__ABOUT THIS TASK__
Nothing in the records may be left out or reworded; return them exactly.

DATA FOR ANALYSIS START

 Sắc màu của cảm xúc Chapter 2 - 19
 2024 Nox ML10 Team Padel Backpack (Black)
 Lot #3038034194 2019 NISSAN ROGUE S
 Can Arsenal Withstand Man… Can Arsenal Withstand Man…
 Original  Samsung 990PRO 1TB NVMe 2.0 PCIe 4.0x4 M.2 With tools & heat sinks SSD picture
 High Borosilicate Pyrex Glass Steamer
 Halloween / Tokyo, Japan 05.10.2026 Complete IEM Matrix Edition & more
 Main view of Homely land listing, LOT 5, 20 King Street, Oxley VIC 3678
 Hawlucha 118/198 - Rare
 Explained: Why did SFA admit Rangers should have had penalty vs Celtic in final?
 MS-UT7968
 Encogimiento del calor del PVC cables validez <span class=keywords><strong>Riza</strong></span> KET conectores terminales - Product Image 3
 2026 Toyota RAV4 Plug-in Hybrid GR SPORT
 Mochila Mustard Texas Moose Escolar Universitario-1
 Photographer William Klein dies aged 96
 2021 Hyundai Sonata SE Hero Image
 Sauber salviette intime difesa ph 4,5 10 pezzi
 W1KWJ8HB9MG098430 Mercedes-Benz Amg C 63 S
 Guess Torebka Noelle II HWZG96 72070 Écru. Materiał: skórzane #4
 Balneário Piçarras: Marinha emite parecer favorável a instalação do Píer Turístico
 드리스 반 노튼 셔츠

DATA FOR ANALYSIS END

__WRITTEN REPLY__
 Sắc màu của cảm xúc Chapter 2 - 19
 2024 Nox ML10 Team Padel Backpack (Black)
 Lot #3038034194 2019 NISSAN ROGUE S
 Can Arsenal Withstand Man… Can Arsenal Withstand Man…
 Original  Samsung 990PRO 1TB NVMe 2.0 PCIe 4.0x4 M.2 With tools & heat sinks SSD picture
 High Borosilicate Pyrex Glass Steamer
 Halloween / Tokyo, Japan 05.10.2026 Complete IEM Matrix Edition & more
 Main view of Homely land listing, LOT 5, 20 King Street, Oxley VIC 3678
 Hawlucha 118/198 - Rare
 Explained: Why did SFA admit Rangers should have had penalty vs Celtic in final?
 MS-UT7968
 Encogimiento del calor del PVC cables validez <span class=keywords><strong>Riza</strong></span> KET conectores terminales - Product Image 3
 2026 Toyota RAV4 Plug-in Hybrid GR SPORT
 Mochila Mustard Texas Moose Escolar Universitario-1
 Photographer William Klein dies aged 96
 2021 Hyundai Sonata SE Hero Image
 Sauber salviette intime difesa ph 4,5 10 pezzi
 W1KWJ8HB9MG098430 Mercedes-Benz Amg C 63 S
 Guess Torebka Noelle II HWZG96 72070 Écru. Materiał: skórzane #4
 Balneário Piçarras: Marinha emite parecer favorável a instalação do Píer Turístico
 드리스 반 노튼 셔츠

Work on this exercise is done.